§ PROMPT: Only the pictures should be dropped; every line of the data must come back exactly as written.

§ AVAILABLE DATA:
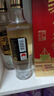 泸州老窖六年窖头曲 白酒组合装 52度 500mL 2瓶 六年窖+尖庄高光2瓶 实拍图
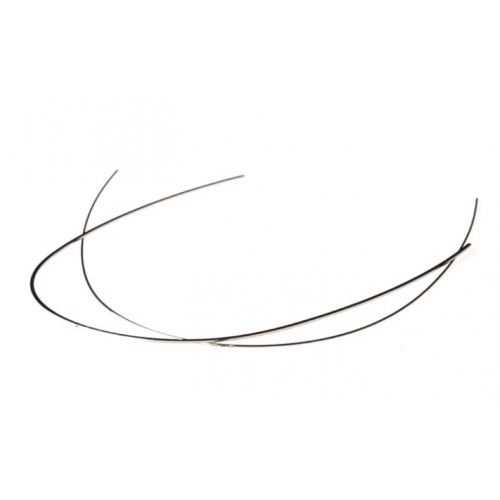Stainless Steel Archwires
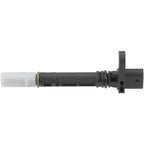 Crankshaft Position Sensors for Audi S4 A6 Quattro S6
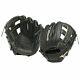 Mizuno Gge61vaxbk 11.5 Pouces Rht Global Elite Vop Pro Infield Baseball Glove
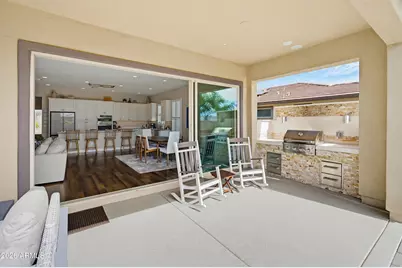 13341 W Palo Brea Lane, Peoria, AZ 85383 - Photo 46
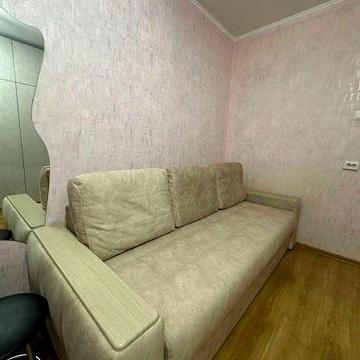 Затишна 1 кімн кв-ра в центрі Чернігова вул Гонча, 52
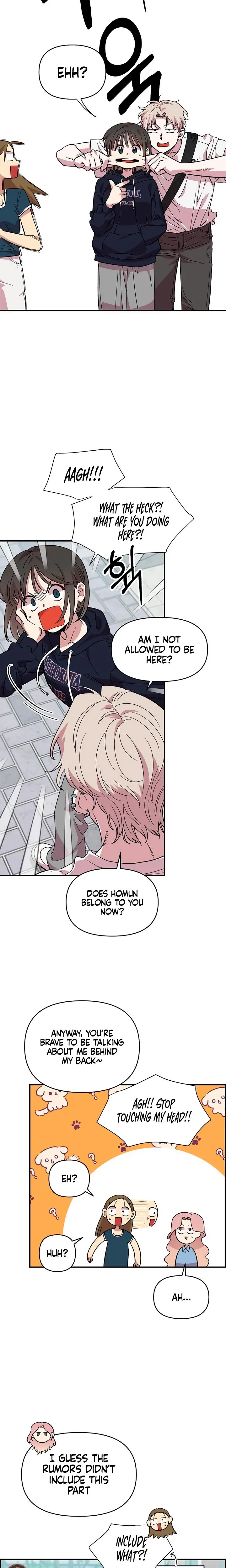Chapter 1, page 12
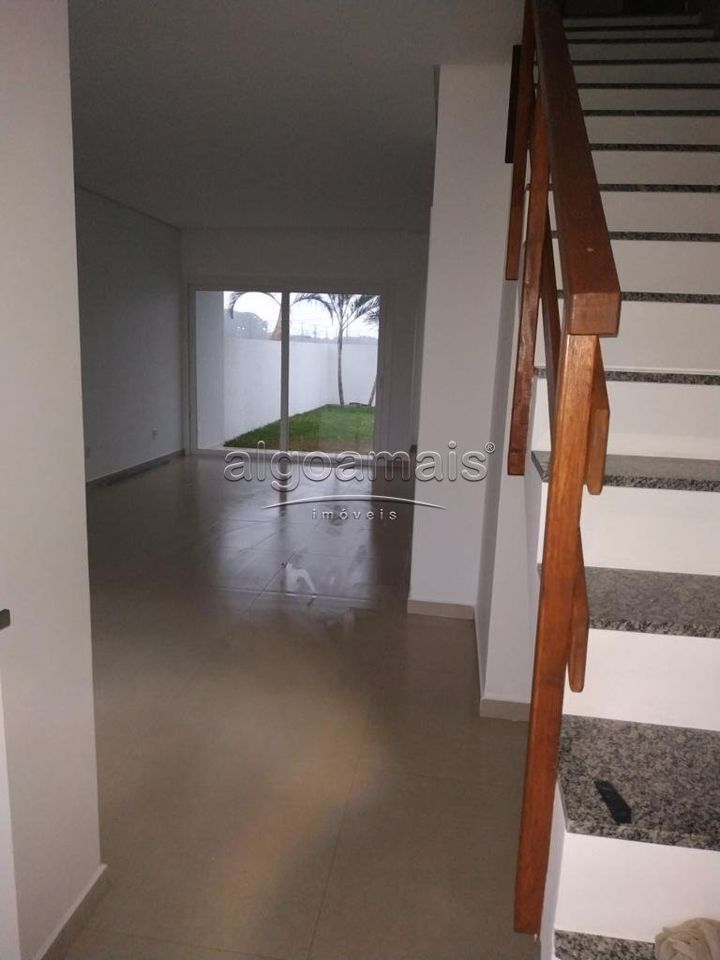 Casa à venda com 3 quartos, 115m² - Foto 17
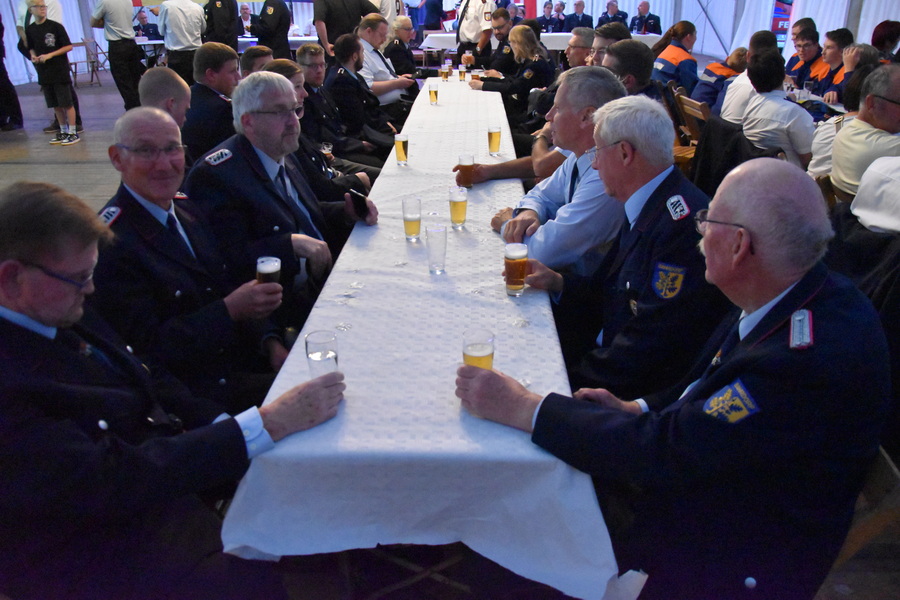 2024 09 07 150 Jahre Frw Feuerwehr Bahrdorf 90x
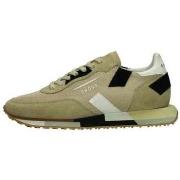 Sneakers Ghoud Venice -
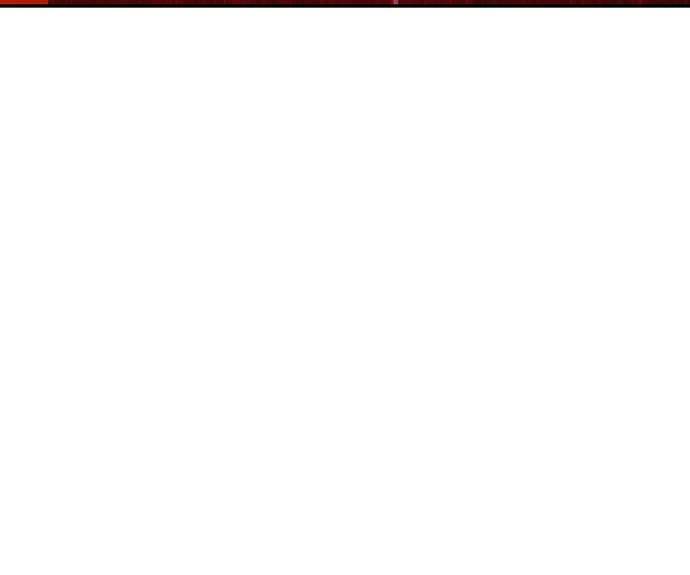 Vương Tử Huyền Bí Chapter 85 - Next Chapter 86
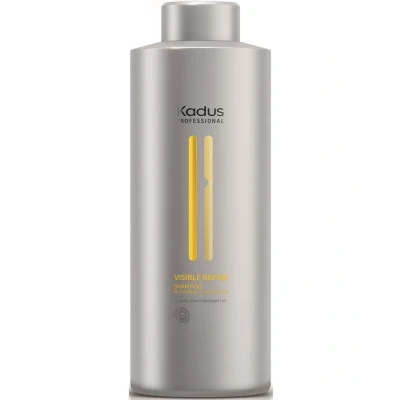 Afbeelding van Kadus Professional Visible Repair Shampoo 1000ml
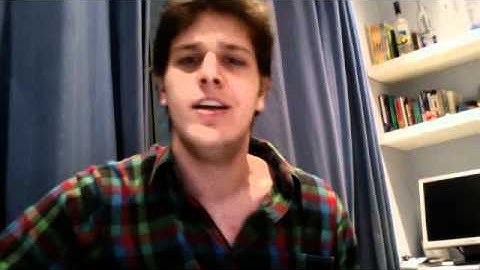 youtube song (part1)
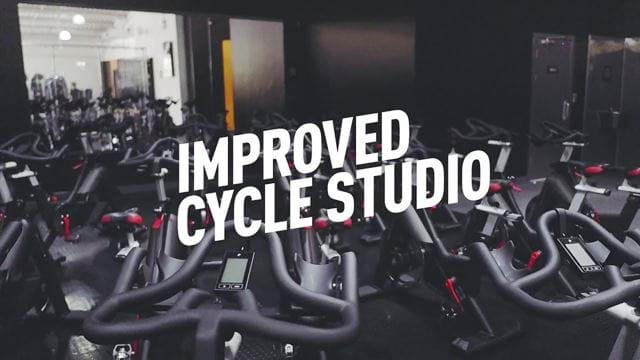 improved cycle studio thumbnail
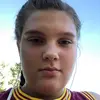 Mia Prince - @miaprince111 - TikTok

§ EXERCISE SOLUTION:
 泸州老窖六年窖头曲 白酒组合装 52度 500mL 2瓶 六年窖+尖庄高光2瓶 实拍图
Stainless Steel Archwires
 Crankshaft Position Sensors for Audi S4 A6 Quattro S6
 Mizuno Gge61vaxbk 11.5 Pouces Rht Global Elite Vop Pro Infield Baseball Glove
 13341 W Palo Brea Lane, Peoria, AZ 85383 - Photo 46
 Затишна 1 кімн кв-ра в центрі Чернігова вул Гонча, 52
Chapter 1, page 12
 Casa à venda com 3 quartos, 115m² - Foto 17
 2024 09 07 150 Jahre Frw Feuerwehr Bahrdorf 90x
 Sneakers Ghoud Venice -
 Vương Tử Huyền Bí Chapter 85 - Next Chapter 86
 Afbeelding van Kadus Professional Visible Repair Shampoo 1000ml
 youtube song (part1)
 improved cycle studio thumbnail
 Mia Prince - @miaprince111 - TikTok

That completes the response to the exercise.